# 3D Hat Embroidery Shop



## Chabbs (Feb 7, 2011)

Ive been struggling to find an embroidery shop in the Miami/Fort Lauderdale area, that can do 3d printing on hats. I'm creating a clothing line and need the embroidery to be high quality, like the stitching you would find on a new era hat, but the quality at these local places has been no where close to that. Are there any online embroidery shops that anyone has used that do high quality work? Its a one color job, is trying to get this done for around $5 per hat an unreasonable request?


----------



## WainiacS (Mar 6, 2017)

Hi There,


Pricing is based on stitch count and qty. Are you able to snap a pic of the art you want embroidered?
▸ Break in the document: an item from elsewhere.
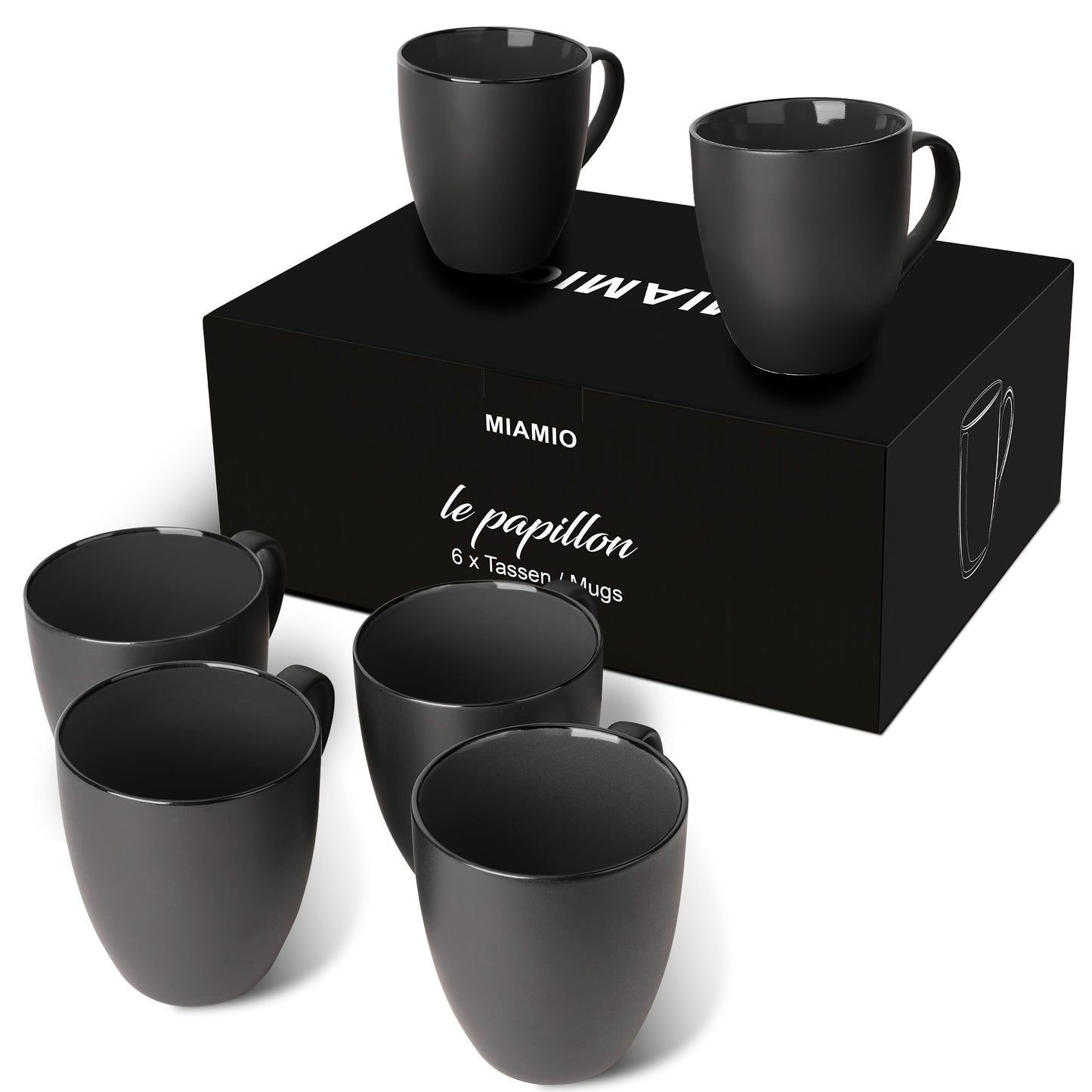 Kaffeetassen Set Le Papillon Kollektion (6 x 350 ml)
If so, post it here and people will be able to give you some input.


Good Luck,


Wayne


----------



## Chabbs (Feb 7, 2011)

Wayne,


Thanks for the response. Here is a picture of the DTS file.


----------



## splathead (Dec 4, 2005)

:: Post moved to the Referrals and Recommendations section. Feel free to now offer your own services to the original poster. ::​


----------



## Chabbs (Feb 7, 2011)

Is there a specific machine that produces high quality work, that I should be asking to see if companies have? Is my DST file garbage, should I get it redone?


----------